If you’re considering your options, it could pay to do your homework.
First dust off any old policy documents and check the terms and conditions for possible benefits and guarantees.
Also, read your most recent statements, which will tell you the current surrender value of the policy. This includes the current value of all the annual bonuses added to date, plus the current value of the terminal (or final) bonus, although it’s often, unhelpfully, given as a projection of their value at maturity.
Independent financial advice is highly recommended when working out what to do with your with-profits plan. If you do decide to surrender, an adviser is also best placed to put together an alternative investment.
CHECK THE SMALL PRINT
What to do when you get your annual with-profits statement: Read it thoroughly and check you understand every section. Many statements include a glossary of terms to explain the wording used. Remember why you took the policy out:
• If your policy is an endowment, was the maturity payment to cover a specific purpose such as repayment of a mortgage?
• If it’s a pension policy, look at the projected pension payment on retirement and see if it covers your retirement needs.
• If the policy no longer meets your needs, have you made additional provisions such as changing your mortgage into a repayment one or increasing your pension contributions/made other financial arrangements for your retirement?
If you are thinking of surrendering your endowment policy or moving your pension:
• Contact your provider for a projection to see what your policy might be worth at retirement or maturity.

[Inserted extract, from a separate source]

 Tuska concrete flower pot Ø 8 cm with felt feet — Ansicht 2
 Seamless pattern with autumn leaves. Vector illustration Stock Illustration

• Check you don’t have valuable guarantees in place such as maturity guarantees, guaranteed annuity rates and market value reduction (MVR) free dates, which only pay out once the policy matures or when it is converted into an annuity.
• You may also have the opportunity for a good final/ terminal bonus. For many policies, the bonus at the end could be considerable and could be worth hanging on for this.
Check if the policy includes life cover. The policy could include a valuable life insurance benefit which would be lost if the policy is cancelled. This is particularly important for consumers in poor health who may struggle to get a new life insurance policy elsewhere.
Does the policy have an MVR-free date? Some policies have these built into the terms and conditions which means they can be cashed in without having to pay an MVR.
Are there any tax implications which will reduce the amount you receive on surrender? As an alternative, find out if you can leave the policy paid up where you don’t pay any more premiums but it remains invested in the fund and some life insurance benefits are received. Or consider selling it to a “second-hand” market maker.
Make sure your personal details such as name and address are up to date so the insurance firm can let you know when the policy matures and provide essential information about the policy. Don’t forget to inform your insurance firm when you move home.
If you haven’t received a statement for some time, contact your provider – it may be that they don’t have your most recent details.
If you have any questions about your statement, speak to the provider and preferably seek independent financial advice.